YOUR GOAL:
Your output should be the lines from the one with "37562_8wib_E_v1-0" through the last line of the records below, exactly as written, minus the pictures.

---------- DATA FOR THIS TASK ----------

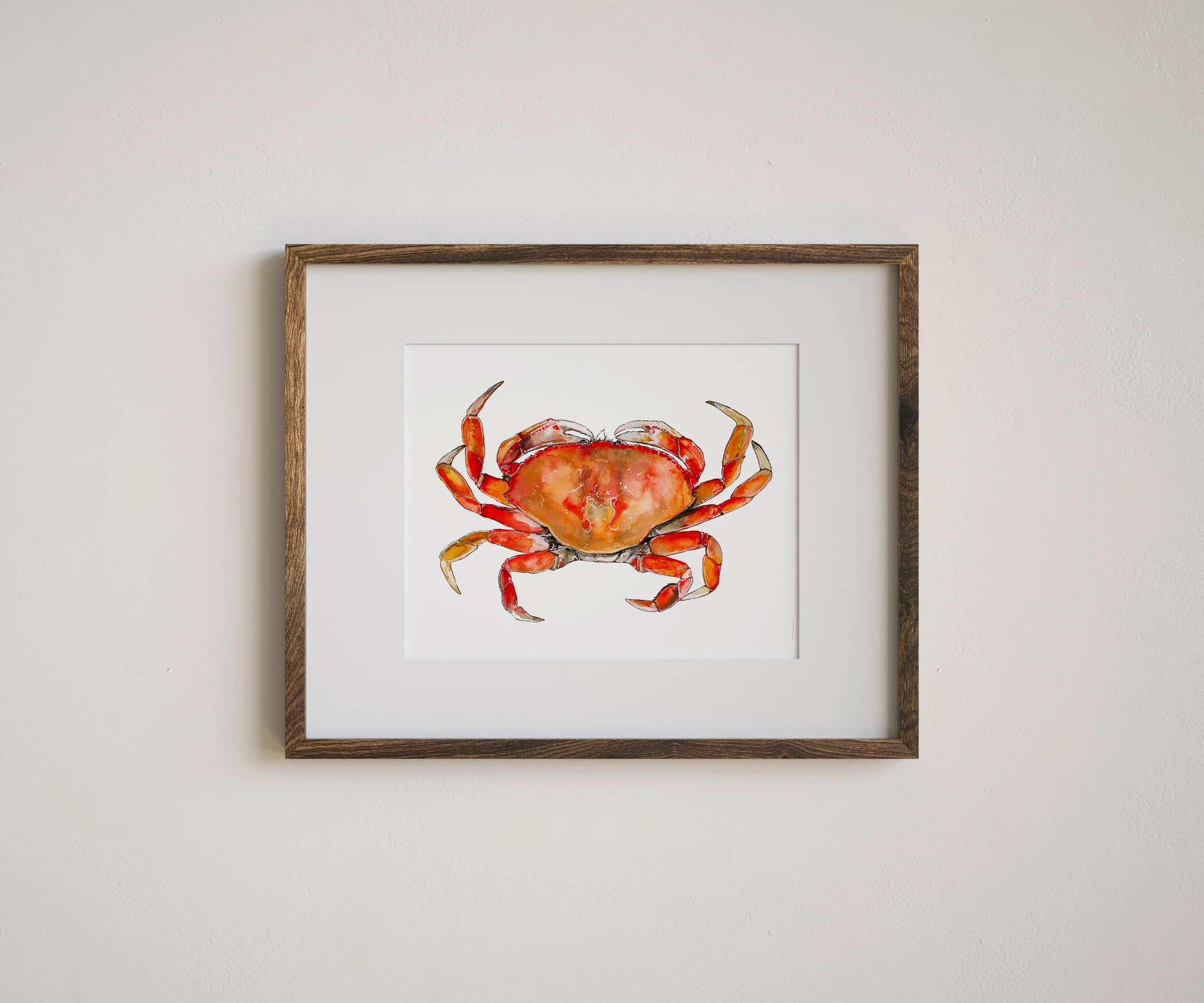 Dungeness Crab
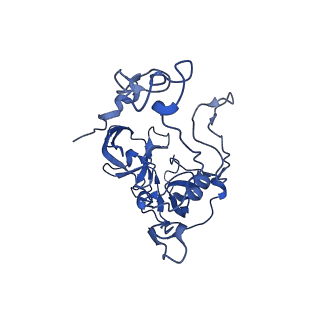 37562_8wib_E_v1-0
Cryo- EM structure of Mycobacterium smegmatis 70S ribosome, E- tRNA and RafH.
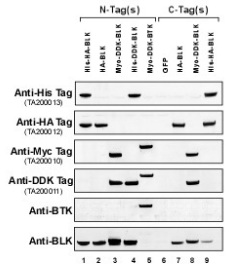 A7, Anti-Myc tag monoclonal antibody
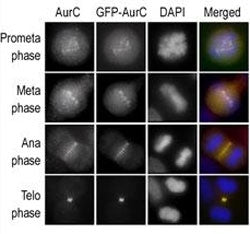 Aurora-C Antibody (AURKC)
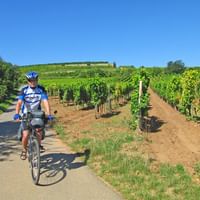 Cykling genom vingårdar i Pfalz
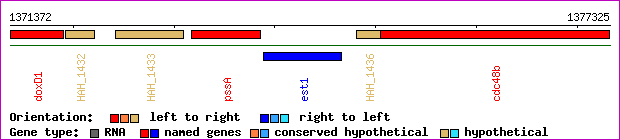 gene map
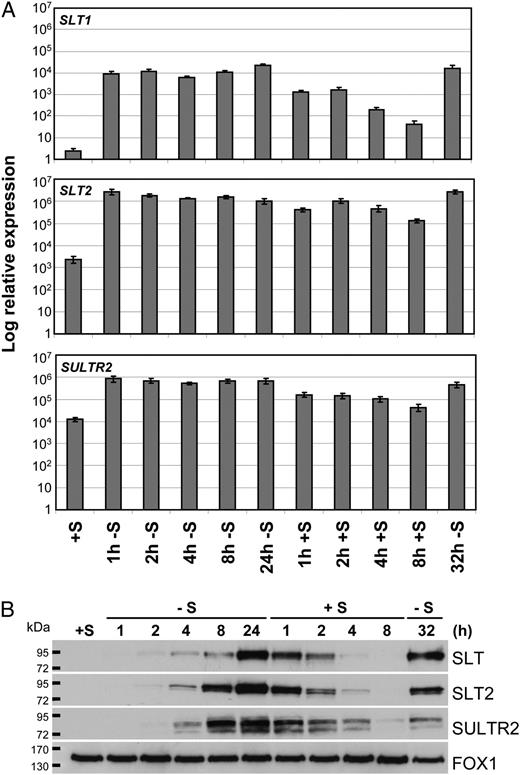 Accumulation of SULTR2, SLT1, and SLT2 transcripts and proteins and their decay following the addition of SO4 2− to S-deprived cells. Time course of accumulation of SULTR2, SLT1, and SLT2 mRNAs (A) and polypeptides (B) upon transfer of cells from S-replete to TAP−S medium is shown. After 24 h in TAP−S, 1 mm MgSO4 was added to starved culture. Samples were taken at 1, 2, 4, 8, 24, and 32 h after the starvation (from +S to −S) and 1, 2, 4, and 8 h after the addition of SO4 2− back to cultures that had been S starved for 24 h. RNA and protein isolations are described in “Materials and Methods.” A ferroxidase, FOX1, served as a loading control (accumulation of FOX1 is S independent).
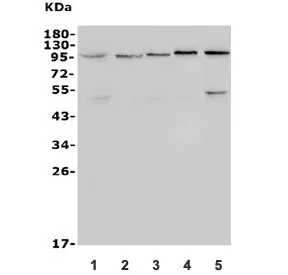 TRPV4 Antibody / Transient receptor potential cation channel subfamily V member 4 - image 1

----------

TASK OUTPUT:
 37562_8wib_E_v1-0
Cryo- EM structure of Mycobacterium smegmatis 70S ribosome, E- tRNA and RafH.
 A7, Anti-Myc tag monoclonal antibody
 Aurora-C Antibody (AURKC)
 Cykling genom vingårdar i Pfalz
 gene map
 Accumulation of SULTR2, SLT1, and SLT2 transcripts and proteins and their decay following the addition of SO4 2− to S-deprived cells. Time course of accumulation of SULTR2, SLT1, and SLT2 mRNAs (A) and polypeptides (B) upon transfer of cells from S-replete to TAP−S medium is shown. After 24 h in TAP−S, 1 mm MgSO4 was added to starved culture. Samples were taken at 1, 2, 4, 8, 24, and 32 h after the starvation (from +S to −S) and 1, 2, 4, and 8 h after the addition of SO4 2− back to cultures that had been S starved for 24 h. RNA and protein isolations are described in “Materials and Methods.” A ferroxidase, FOX1, served as a loading control (accumulation of FOX1 is S independent).
 TRPV4 Antibody / Transient receptor potential cation channel subfamily V member 4 - image 1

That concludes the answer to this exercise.